In order to reproduce the COVID-19 spread with accuracy it is necessary to model the simulated environment in a realistic manner. EpiGraph includes four different models that are executed in coordination: the epidemic model that provides the COVID-19 propagation behaviour, the social model that depicts the characteristics and relationships of individuals within the population, the transportation model that considers the movement of the individuals, and the environmental model that represents the ambiental elements (weather, pollution, etc.) that modulate the spread of the infection. 

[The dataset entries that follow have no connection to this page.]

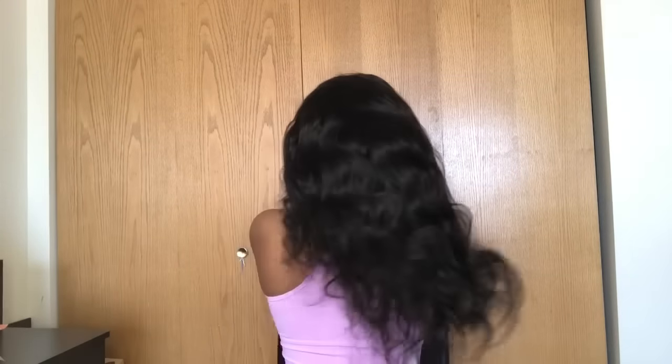I want to demonstrate the length. Somebody recommended that I pull all the hair to the front so you can see where it stops — that's where she stops on me at 20 inches. I'm five-five. Now all the hair to the back — sitting down, I'm five-five. That's what she's looking like. Yeah, this is real cute.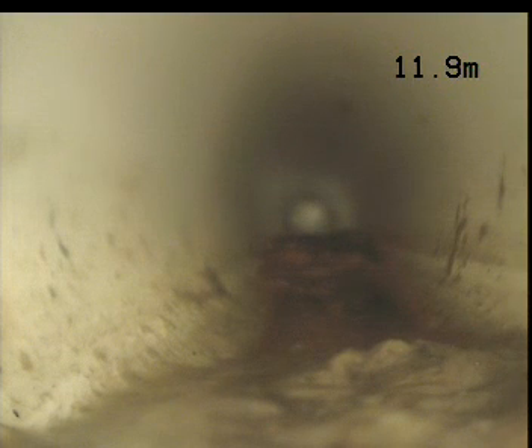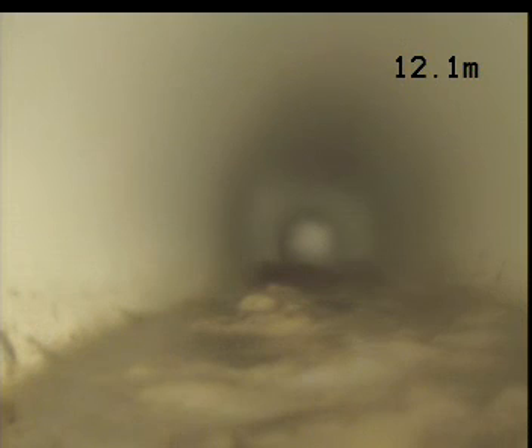Pulled up a bit of debris there, just push it through. Unfortunately I can't flush a toilet to flush it through at the moment — it's the only toilet available. 11.8 meters, appears all okay. I'll just push this away.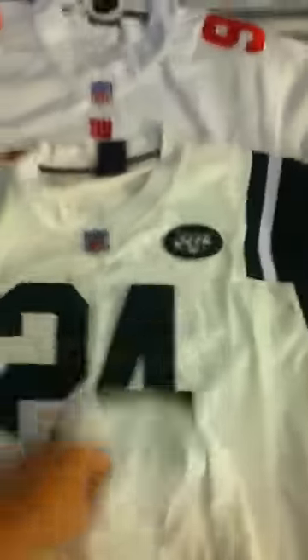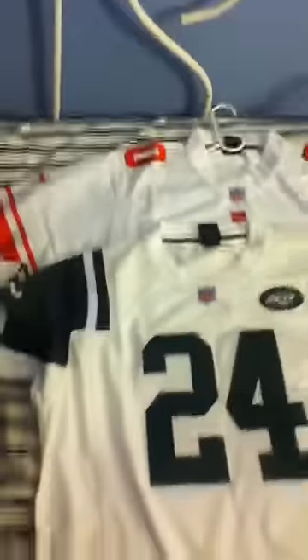So yeah, there we go. There are my two jerseys that I just got from JennyNFLJerseys.com. Again, link will be in the description. Catch you guys later.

  • Epidemic model design. We use the SEIR++ model with 17 different states to include states for latent, asymptomatic, and dead. We added an additional hospitalized state and vaccination or anti-viral therapies. This model captures the mechanism by which susceptible individuals get infected and go through the different stages of the infection. The infectious period has three phases with different characteristics, which may affect the dissemination of the virus: pre-symptomatic infection, primary stage of symptomatic infection, and the second stage of symptomatic infection. We also consider the asymptomatic stage. Note that each stage has a related different R0 value. The time each individual spends in a given state is generated following a normal distribution to simulate the time ranges specific to each stage of the infection, so each individual has different phase lengths. We adopt most of the concrete values for the model parameters from the existing literature. 

  • Social model design. We developed a social model for the population under study, including the patterns of contact between individuals within this population. The social model is represented via an undirected connection graph and can capture heterogeneity features at the level of both the individual and each of his/her interactions. We use contact information from social networks to realistically approximate these connections. We allow for customizing individual interaction behavior based on the day of the week and the time of day. In this way, we model social structures such as companies, schools, or groups of stay-at-home parents and retired people that are interacting in education programs, hobby classes, kids’ schools or any other kind of activities that make them come in contact with each other. At the level of the individual, we allow for the modeling of characteristics such as age, gender, and race. In the following figure we can see an example of a reduced contact network used in EpiGraph.

  • Transportation model design. The transport component models the daily commute of individual to neighboring cities (inter-city movement) and the long-distance travels for several days that represent commute of workers that need to reside at different locations or people that move at any distance for vacation purposes. The people mobility model uses geographical information extracted from Google using the Google Distance Matrix API service.


  • Environmental model design. We use of meteorological forecasts and air pollution levels (Smart Environments) allows for improved simulation given that these values affect the ability of the virus to be propagated. As future work, an important project research line is to enhance the social model with a detailed environment design. With the implementation of the Internet of Things, more and more elements of our common life can be tracked and processed. This data provides very valuable information that can be used for increasing the accuracy of EpiGraph. For instance, in urban environments (Smart Cities) traffic, public transport and pedestrian conditions can be used to model social interactions. Data collected from hospitals or pharmacies will contribute to model the spread of the epidemic. A more detailed analysis of social networks allows for the consideration of geolocalization data as well as providing additional information about the number of infected individuals.